▸ What is required:
Copy, word for word, the lines of the listing below from the line with "신암면041 | 예산_추사 김정희 선생 고택 봄꽃" up to and including the line with "小金龍魚怎么養(yǎng)長得快些：小金龍魚的飼養(yǎng)注意事項". Drop the pictures.
───
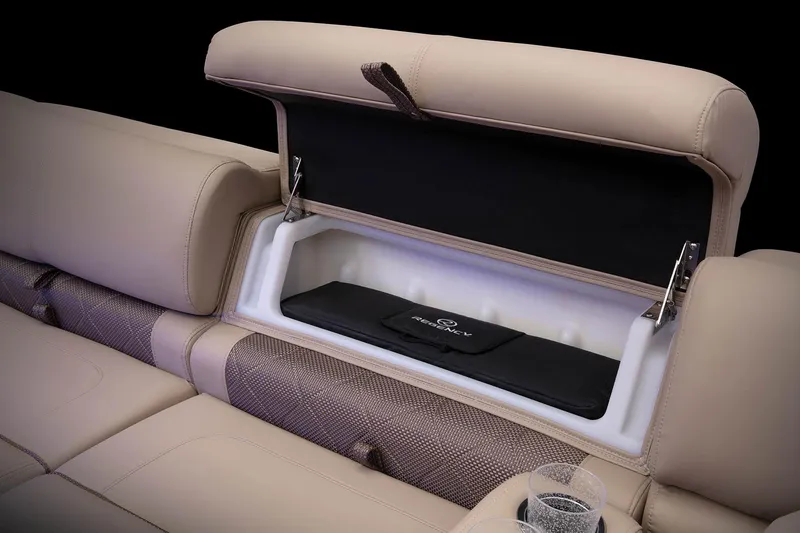 Slide: The Image of Regency 250 LE3 - 24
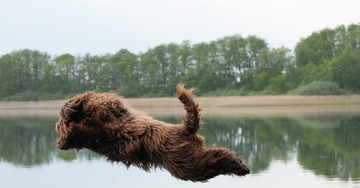Hundebadning om sommeren
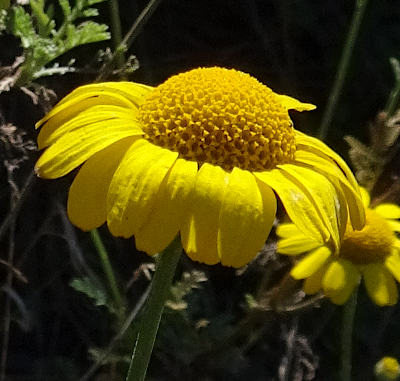 anthemis tinctoria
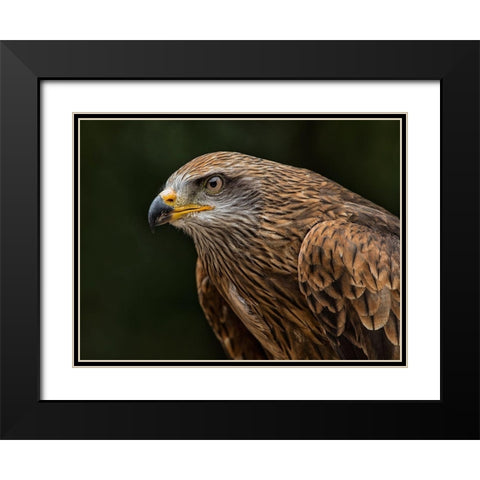 Red Kite Black Modern Wood Framed Art Print with Double Matting by Ronin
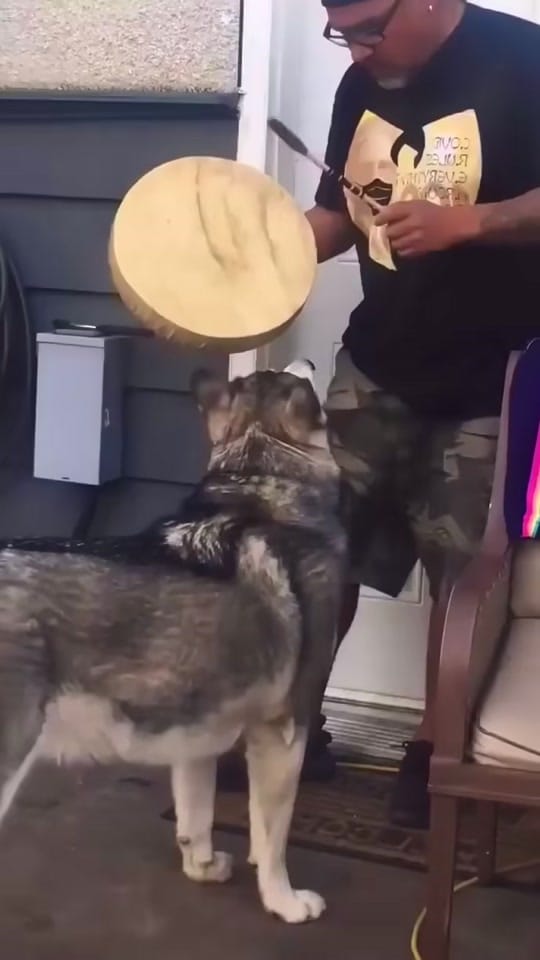 Post 9 by Alma Hanna on TikTok (video)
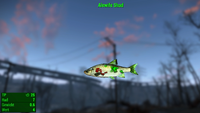 Fallout 4 MM Fischarten Alewife Shad.webp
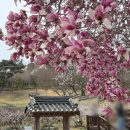 신암면041 | 예산_추사 김정희 선생 고택 봄꽃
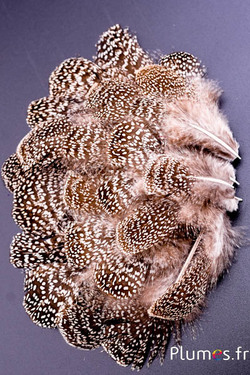 Faisan Eperonnier de chinquis - 5-8 cm - brun-blanc naturel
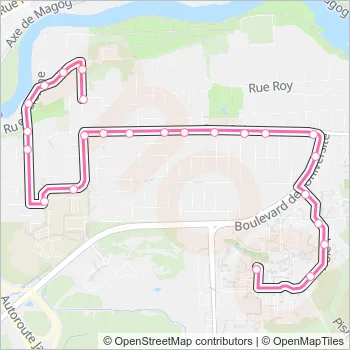 6 Bus Line Map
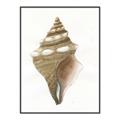 Picture of Sea Shell I _GroupedProduct_Rectangle_Portrait_Canvas_Framed_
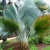Copernicia-Fallaensis.jpg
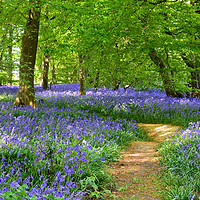 Buy canvas prints of English Bluebell Wood  by Diana Mower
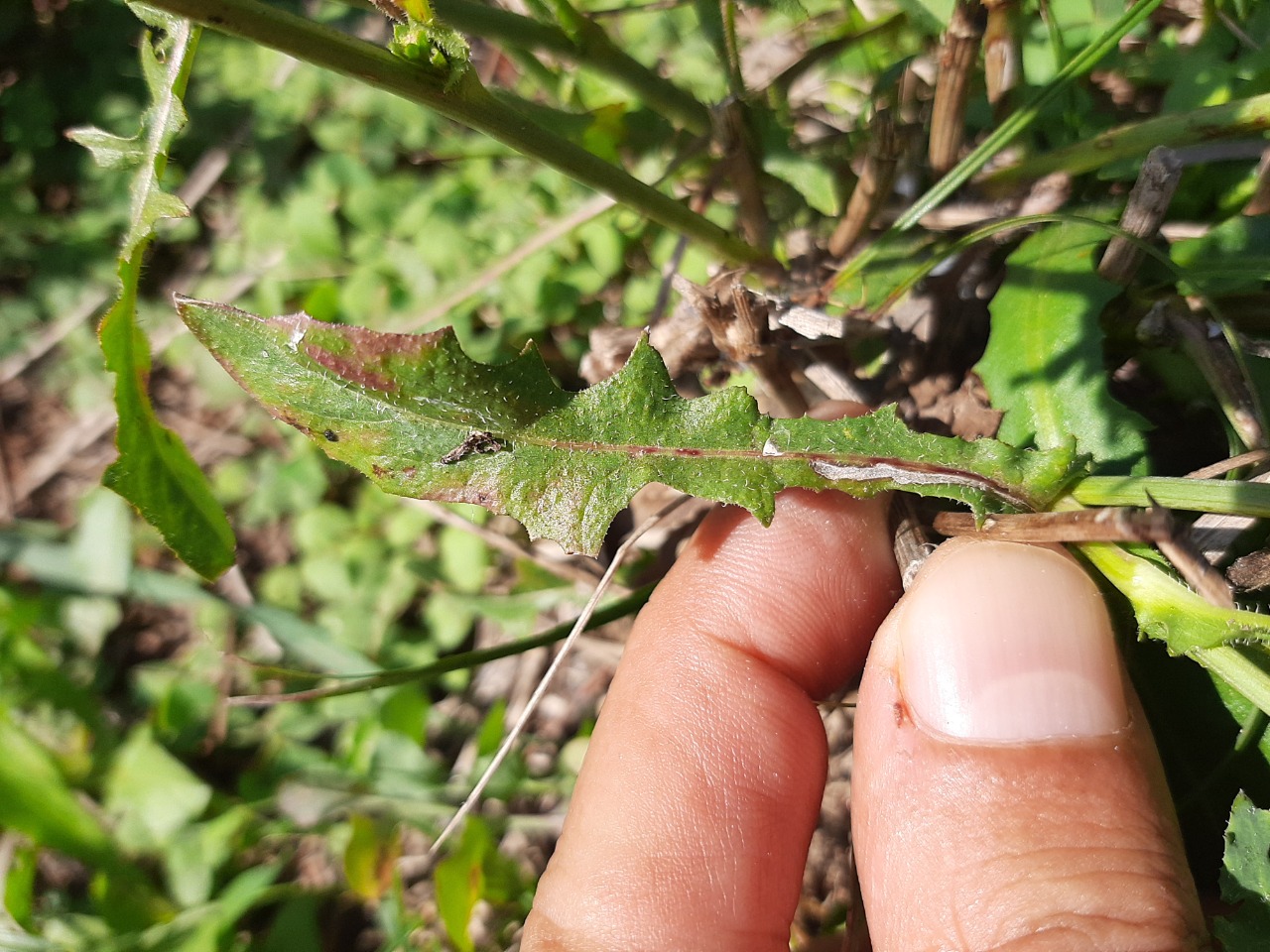 Cichorium intybus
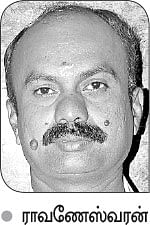 நீங்கள் கேட்டவை: அயிரை மீன் விலை கிலோ, ஆயிரம் ரூபாய்?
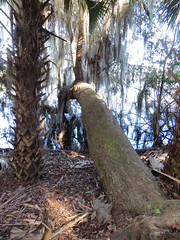 Fallen Tree Maclay Gardens SP Tallahassee FL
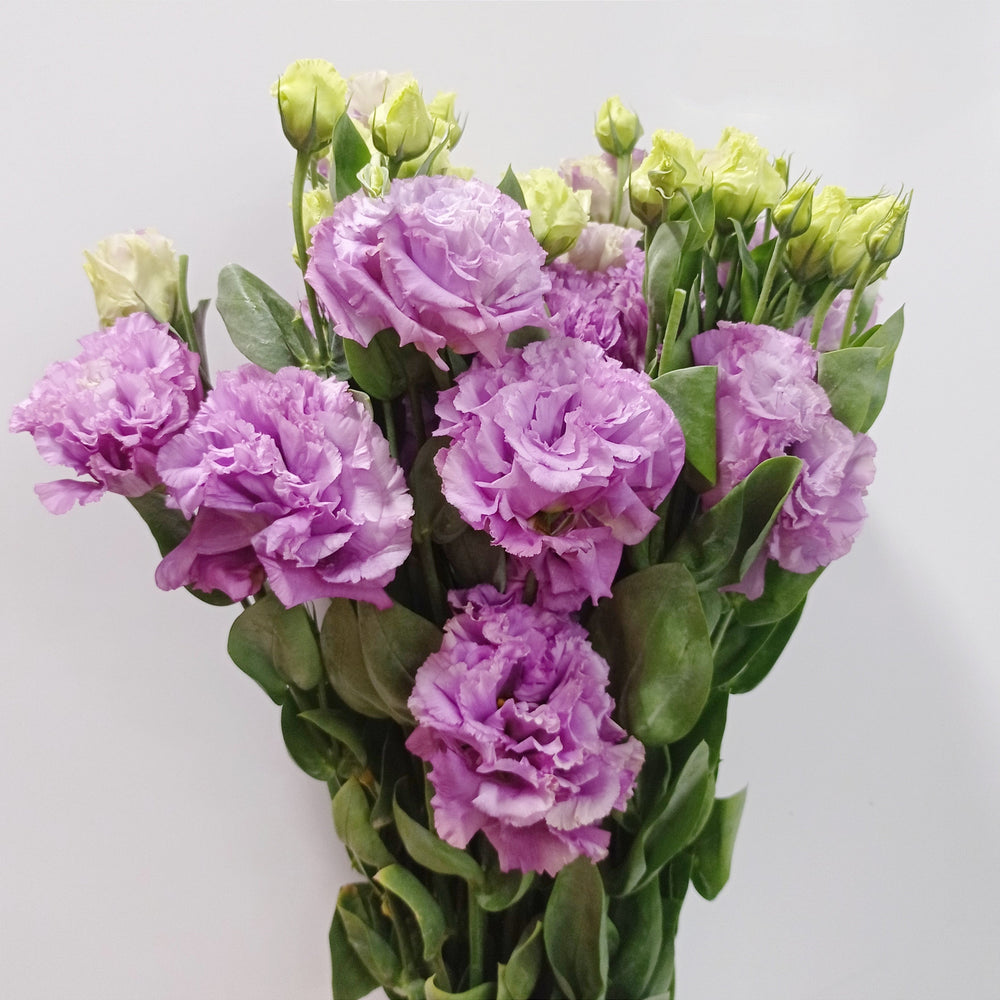 Freshcut Eustoma Floristika Bangsar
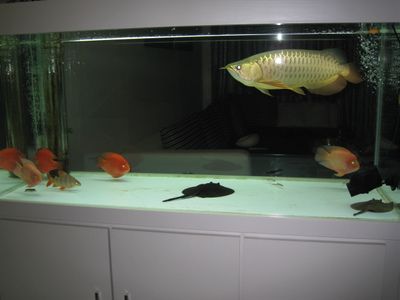 小金龍魚怎么養(yǎng)長得快些：小金龍魚的飼養(yǎng)注意事項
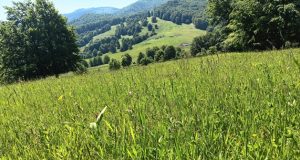 Vara în Parcul Natural Vânători Neamţ Sursa: Parcul Național Vânători Neamț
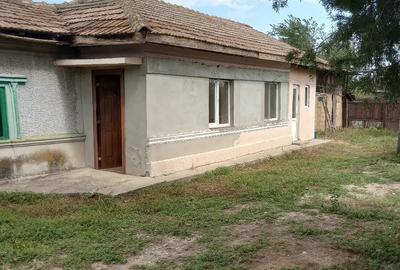 Casă cu Teren 7000 Mp în Săbiești - 3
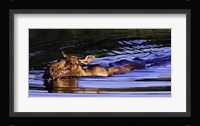 Bathing Beauty Fine Art Print
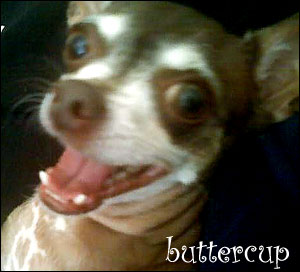buttercup the chihuahua!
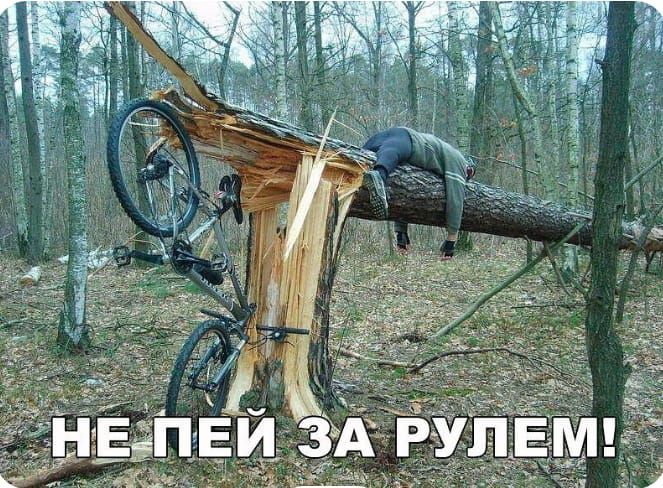 НЕ ПЕЙ ЗА РУЛЕМ!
───
▸ Task result:
 신암면041 | 예산_추사 김정희 선생 고택 봄꽃
 Faisan Eperonnier de chinquis - 5-8 cm - brun-blanc naturel
 6 Bus Line Map
 Picture of Sea Shell I _GroupedProduct_Rectangle_Portrait_Canvas_Framed_
Copernicia-Fallaensis.jpg
 Buy canvas prints of English Bluebell Wood  by Diana Mower
 Cichorium intybus
 நீங்கள் கேட்டவை: அயிரை மீன் விலை கிலோ, ஆயிரம் ரூபாய்?
 Fallen Tree Maclay Gardens SP Tallahassee FL
 Freshcut Eustoma Floristika Bangsar
 小金龍魚怎么養(yǎng)長得快些：小金龍魚的飼養(yǎng)注意事項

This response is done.